Submitted for your site: Medieval Restaurant Dishes

Dunno if I submitted this in the past, but I recently did some work to eliminate occasional funky results, and I think it's pretty solid now. If you need a name, use dr_venture, or drventure, or just CraigP... is that good enough?

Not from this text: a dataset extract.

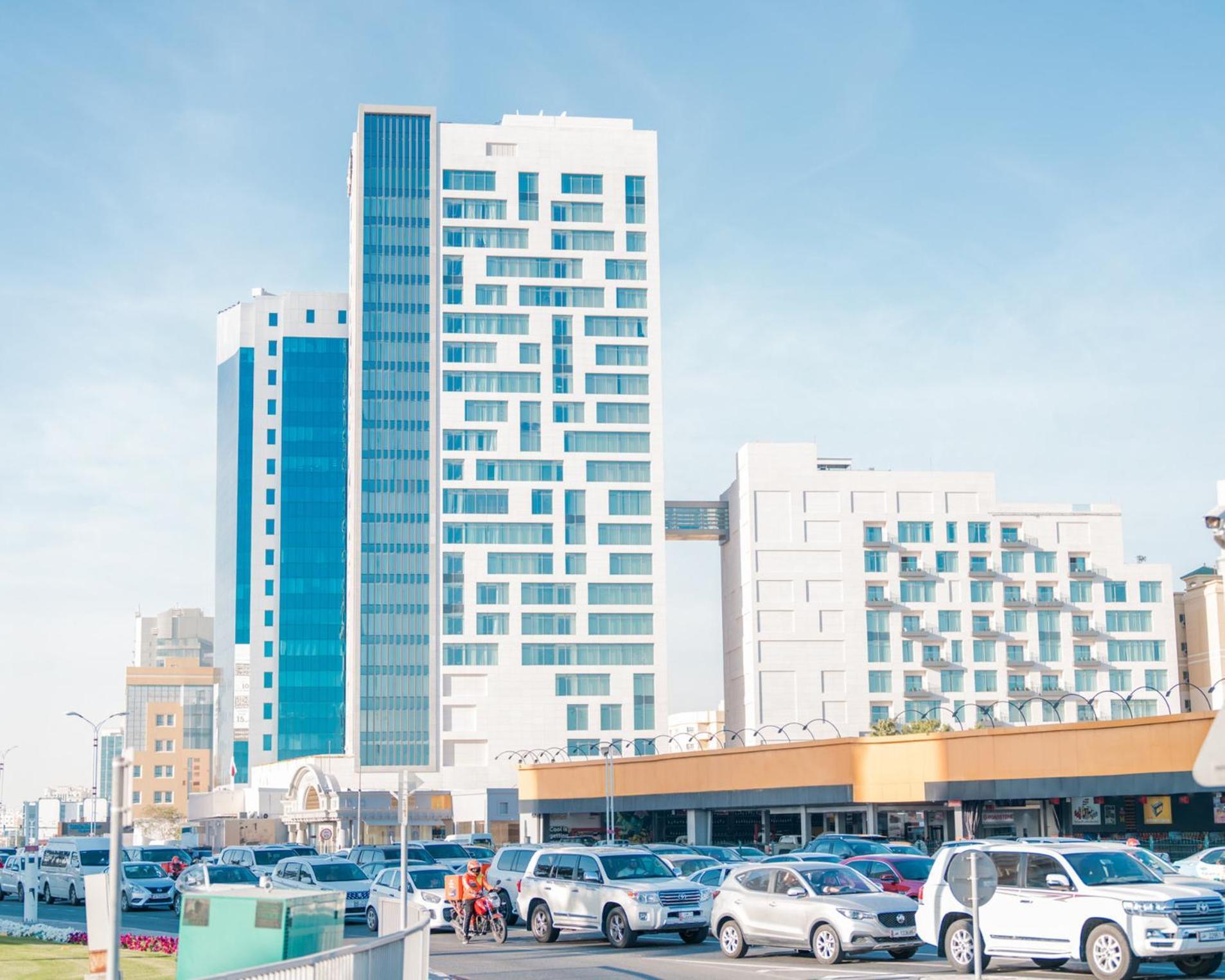 Abesq Doha Hotel And Residences, An Ihg Hotel Екстер'єр фото Al-Emarat Hospital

These results represent high-class fare, not peasant dishes, although some of the results are fairly simple. These are, by and large, fairly realistic Medieval dishes, though the combination of ingredients is random. I think it's reasonably believable, though. Some sound pretty good!

Some example results:

Duck Paté flavored with Rosewater And Saffron with Bread and Hard Cheese
Hamhocks Cold Cuts and Hard Cheese with Dark Bread
Chicken served with Buns and Brawn
Grilled Gamebird with Dates
Chopped Salmon
Head Meat Cold Cuts and Hard Cheese with a Trencher
Chopped Woodcock stuffed with Mushrooms, Raisins & Chickpeas.
A Piglet Pastie With Clotted Cream Sauce
Tripe and Rice in a Biscuit
A Chicken Fritter
A Pie of Nuts and Ham Gravy topped with Fresh Pork
Goose in a Pastie With Salmon Stock
Gamebird with Carrots and Herbs in a Pie
Poached Pig's Tongue with Honey
Calf served with Buns and Brawn
Chicken with Potatoes and Raisins in a Pie
A Pie of Dried Fruits and Nuts flavored with Rosewater And Mint

Yes, you can get Blackbird Pie, though you have to add the bit about "four and twenty." Hope some folks get a kick out of it :)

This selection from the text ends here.